Airware、民生用ドローンの活用拡大に向け、密猟者からクロサイを守るプロジェクト等を実験中

Airwareは、平和利用のためのドローン普及を目指すスタートアップだ。ドローンに関わるハードウェア、ソフトウェア、ファームウェアの開発を行っているこのAirwareだが、平和利用の一形態として、アフリカはケニアにおける密猟防止策としてのドローン活用を提案している。こうした提案を通じて、年内にもドローンの平和的商業利用マーケットを確立したいと考えている。

Airwareの設立は2010年で、Y Combinator 2013年3月卒業組のひとつだ。一般的に想定されるビジネスシーンのみではなく、精密農業、土地活用管理、送電線点検作業、油井やぐらのメンテナンス、あるいは災害救助活動などの用途での活用も視野にいれているそうだ。

先述のようにAirwareでは、ドローンのハードウェアや、基本となる操作運用システムなどを作成する。そこに各特定用途向けのアプリケーションを搭載して運用するというイメージになる。これにより、ドローンを実際の業務に活用しようとしている企業も、いちから無人航空機(UAV)の開発を行う必要がなく、活用に至る障壁が低くなるということになる。

このAirware、2013年5月にはシリーズAにて1070万ドルを調達している。主導したのはAndreessen Horowitzで、Google VenturesRRE VenturesLemnos LabsPromus VenturesShasta Ventures、そしてFelicis Venturesなども参加している。ちなみにこれは、デモ・デー後の調達額として、Y Combinatorの歴史上で最高額となるものだ。調達資金は、軍事用ドローンと最近いろいろと登場しつつある趣味のドローンの中間となる、すなわち過不足無く商業目的に活用できるドローンの開発に充てられている。

今年後半には、Airwareの商業用ドローンはベータ段階を終え、広く実用に供される予定となっている。しかしそこに向けて、世の中のドローンに対するイメージを変える必要もあると考えているようだ。「ドローンの有益な活用法を世の中に伝えたいのです」とAirwareのファウンダー兼CEOであるJonathan Downeyは述べている。

昨年末に話題になった、ジェフ・ベゾスのAmazon Air Primeは、ドローンの認識を新たにするのにひと役買ったものと思われる。しかし、これはあくまでも実験段階のもので、まだまだそれなりの人口密度のあるところでのドローン実用化は難しい面もある。Airwareとしては、すぐにも利用できる分野についての知識を、世に伝えたいと考えているのだ。

そうした目的で、Airwareは昨年12月に部隊をケニヤのオル・ペジェタ野生動物保護区に送り込んだ。東アフリカ最大のクロサイ生息地だ。ドローンのオンボードカメラを使って、密猟者の侵入をモニターしようと試みたのだ。Airwareによると「Airwareの自動飛行プログラムを搭載したドローンを飛ばすことにより、抑止効果と監視効果が期待されます。リアルタイムのビデオ映像と、赤外線映像(動物と、そして密猟者の存在もわかります)をパトロール部隊に送ることができるのです。カメラは固定式のものと、ジンバルマウントのものが利用できます」とのこと。実際に飛ばしている様子は下のビデオで見ることが出来る。
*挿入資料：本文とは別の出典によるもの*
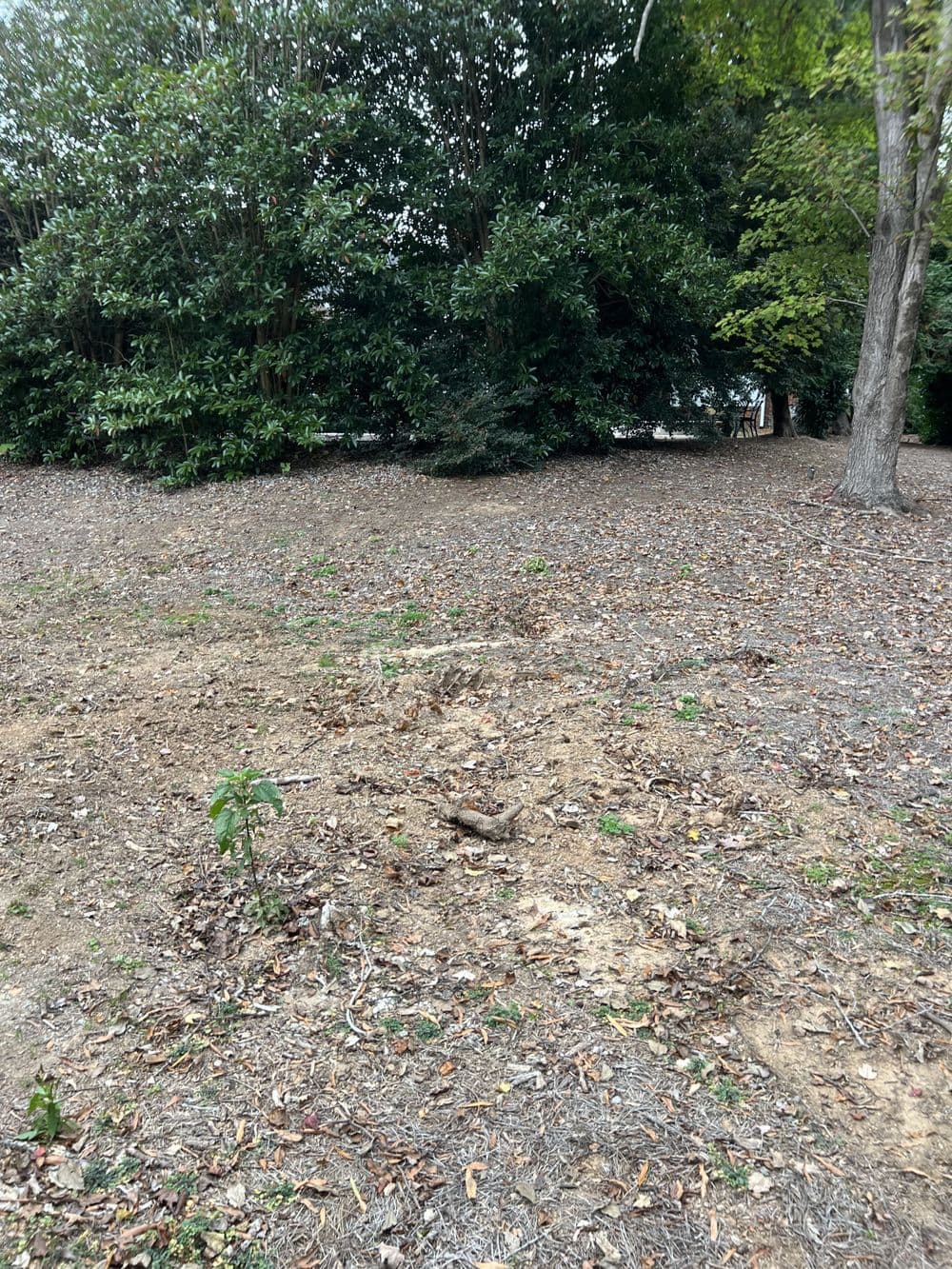 Gallery photos for Residential Yard Transformation: Image #22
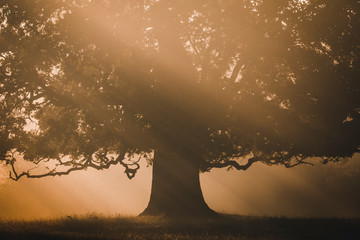 Orange light rays shine through the autumn leaves of a giant old oak tree in the foggy morning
広大な地域を徒歩や車で監視して回るのは非常に大変なことだ。かといってヘリコプターや飛行機を使って見て回るとなると、多大なコストが発生してしまう。ここでアピールするのがAirwareのドローンだ。オル・ペジェタ野生動物保護区のパトロール部隊は、簡単なインタフェースを通じて保護区のあちこちでドローンを飛ばし、そして日夜にわたって密猟者の侵入を監視することができるのだ。

Downey曰く「多くの人に(非軍事目的のドローンの)活躍の様子を見てもらいたいと考えています。そうすればドローンの有効性に気付いてもらうことができ、家庭での利用に向けたイメージもできてくると思うのです」とのことだ。ドローンは平和的とは言えない用途で、まず注目を集めることとなってしまった。しかしこれはドローンのみが「恐ろしいもの」であるというわけでなく、テクノロジーの持つ性質によるものだとも言える。テクノロジーを「どのように」利用するかが問題なのだ。もちろん「戦争の親玉」を目指す人もいるのだろう。しかしAirwareは人間を攻撃するためでなく、人間に役立つドローンを生み出していこうと努力しているのだ。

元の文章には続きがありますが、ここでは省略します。